COLLECTED MATERIAL
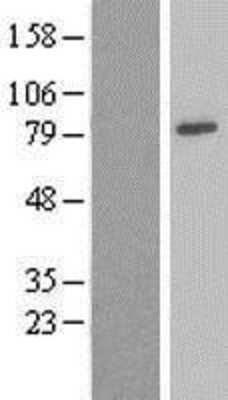 Western Blot: Ndufs1 Overexpression Lysate [NBL1-13560]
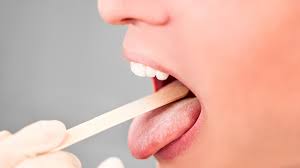  باکتری‌های دهانتان را به راحتی به اشتراک می گذارید؛ مراقب باشید!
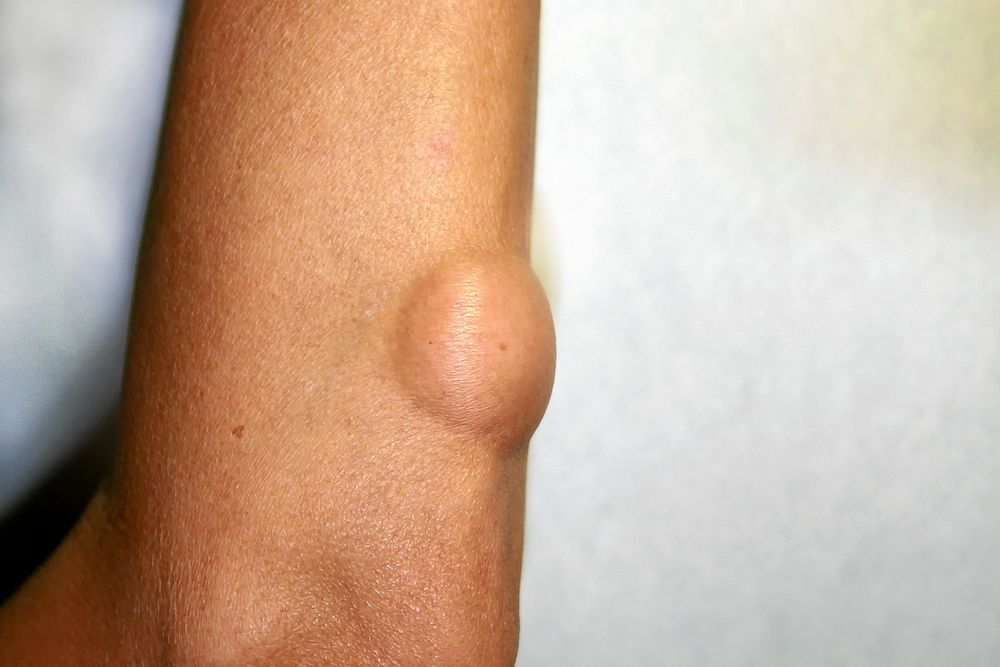 Att upptäcka en knöl på kroppen kan vara obehagligt men allt som oftast är de helt ofarliga, som detta lipom.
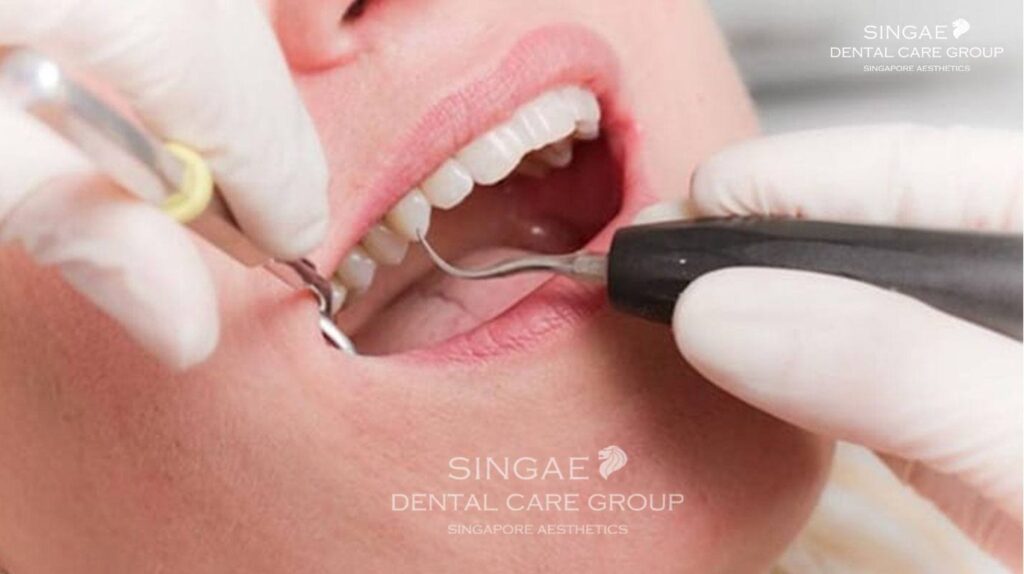 Quy trình lấy cao răng tại nha khoa Singae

PROMPT
Line by line and exactly, reproduce the span from the line with "باکتری‌های دهانتان را" through the end of the data above, both ends included, with pictures left out.

ANSWER BELOW
  باکتری‌های دهانتان را به راحتی به اشتراک می گذارید؛ مراقب باشید!
 Att upptäcka en knöl på kroppen kan vara obehagligt men allt som oftast är de helt ofarliga, som detta lipom.
 Quy trình lấy cao răng tại nha khoa Singae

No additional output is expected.